In vivo, AEP is a complex biological structure containing a significant proportion of naturally occurring peptides that originate from saliva11. Several studies have shown that specific salivary proteins such as histatin and statherin have a strong affinity for HA and prevent the precipitation of calcium and phosphate on the surface of the teeth, inhibiting unwanted biomineralization4. Thus, the identification of peptides in the AEP is of great interest because many salivary peptides exhibit functional domains that maintain the activity of the native protein. For example, among five naturally occurring AEP peptides derived from a small salivary protein statherin11, DR9, consisting of 9 amino acids DSpSpEEKFLR (where Sp is a phosphorylated serine), has shown a significant effect on HA crystal growth inhibition at all studied concentrations compared to other native statherin AEP peptides12. Another naturally occurring peptide found in the in vivo AEP derived from histatin 3 is RR14, which is a single functional domain represented by 14 amino acid residue domains located within the middle region of histatin 3, a critical antifungal protein11,13.

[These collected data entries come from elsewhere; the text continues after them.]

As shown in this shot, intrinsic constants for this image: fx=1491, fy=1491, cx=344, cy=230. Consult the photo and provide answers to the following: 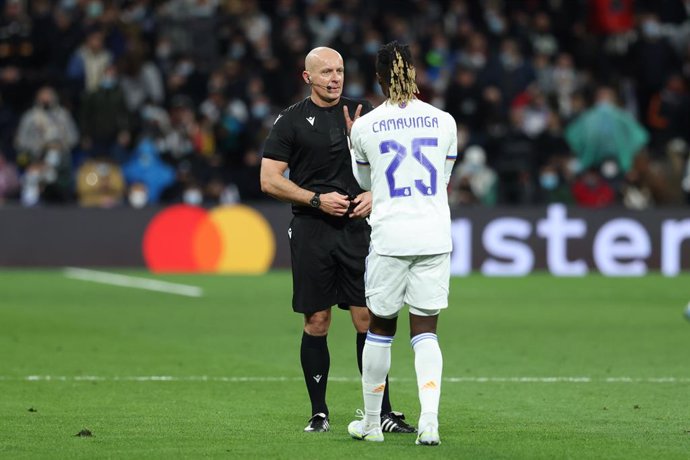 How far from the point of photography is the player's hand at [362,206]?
865 cm

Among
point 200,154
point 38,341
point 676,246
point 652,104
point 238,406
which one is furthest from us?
point 652,104

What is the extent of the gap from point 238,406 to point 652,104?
19.0m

The functional domains DR9 and RR14 of the small proteins statherin and histatin 3, respectively, are not repeated in the primary structure of these proteins. Other salivary proteins have evolutionarily conserved one or more repeats of functional domains within their primary structure, thereby improving their functional capacity under evolutionary challenges14. Consequently, statherin and histatin 3, which are present in salivary secretions of humans and old-world monkeys, could be considered evolutionarily young, and artificially duplicating this peptide sequence (DR9) may induce the effects normally expected in the course of evolution.

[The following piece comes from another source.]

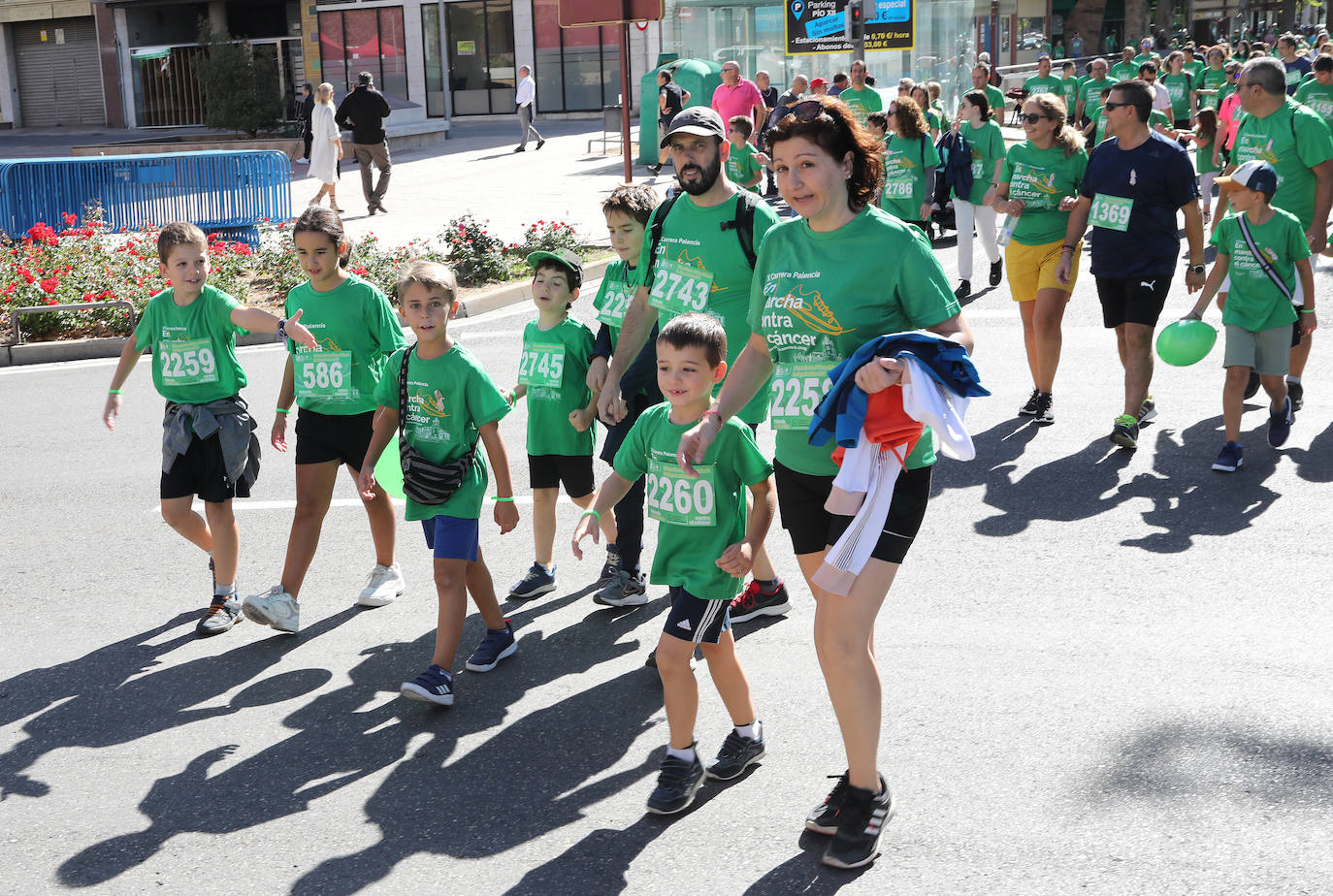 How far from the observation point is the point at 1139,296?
750 cm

Furthermore, other evolutionary processes have been known to occur resulting in the merging of functional domains from different proteins for a combinatory effect. While functional domain repeats augment a single functional characteristic, the combination of two distinct functional entities can lead to the development of constructs with multiple functions. This hybrid approach is particularly promising for pellicle components because some AEP peptides show high affinity for HA, whereas others have different functions such as antimicrobial properties15,16. Examples of such synthetic bi-functional constructs in the protein field are cystatin-histatin17 and statherin-osteopontin chimeras18.

In this study, by synthetically combining the DR9 and RR14 domains, we investigate the salivary protein evolution pathway and hypothesize the creation of a novel protein with enhanced mineral homeostatic properties and antimicrobial activity. Moreover, by duplicating the statherin functional domain DR9, we plan to create a more powerful peptide that inhibits calcium and phosphate crystal growth in the oral cavity.

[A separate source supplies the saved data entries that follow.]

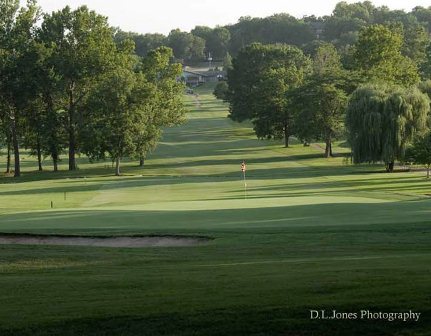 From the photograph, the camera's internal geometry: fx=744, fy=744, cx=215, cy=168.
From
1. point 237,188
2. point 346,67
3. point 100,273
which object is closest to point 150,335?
point 100,273

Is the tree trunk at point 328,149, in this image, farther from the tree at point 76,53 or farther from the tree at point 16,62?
the tree at point 16,62

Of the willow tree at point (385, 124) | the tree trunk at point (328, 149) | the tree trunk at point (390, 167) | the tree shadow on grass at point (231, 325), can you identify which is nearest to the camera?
the tree shadow on grass at point (231, 325)

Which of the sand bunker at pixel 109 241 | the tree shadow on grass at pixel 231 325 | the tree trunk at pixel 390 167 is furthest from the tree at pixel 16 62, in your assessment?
the tree shadow on grass at pixel 231 325

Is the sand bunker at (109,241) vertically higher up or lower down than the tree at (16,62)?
lower down

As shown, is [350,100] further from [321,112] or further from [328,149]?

Isoelectric points for each peptide were calculated at pH 6.8, the physiological salivary pH. DR9, the naturally occurring peptide derived from statherin, showed a pI of 3.63; DR9-DR9 showed the lowest pI value of 3.44, whereas RR14 showed the highest pI of 11.00. The hybrid peptide, DR9-RR14, showed a pI of 7.16 (Table 1).

Table 1 Constructed peptides derived from small salivary proteins statherin and histatin 3 and their calculated pI in pH 6.8.

Regarding the inhibitory effect of the peptides on HA crystal growth, Table 2 summarizes the inhibition of HA crystal formation by all tested peptides in the concentration range of 0.9–9 µM. DR9-DR9 demonstrated the most significant inhibitory effect among the peptides and proteins at different concentrations (Table 2; p < 0.05). DR9 and statherin revealed similar inhibitory effects for all tested concentrations (p > 0.05), but significantly different from those of RR14, DR9-RR14, and histatin 3 in concentrations ranging from 1.8 to 5.4 µM (p < 0.05). Only at concentrations of 7.2 and 9.0 µM, DR9-RR14 demonstrated an inhibitory effect similar to that of DR9 and statherin. As expected, RR14 and histatin 3 showed a negligible inhibitory effect at all tested concentrations.

Table 2 Effect of constructed peptides derived from small salivary proteins statherin and histatin 3 in different concentrations on hydroxyapatite (HA) crystal growth inhibition.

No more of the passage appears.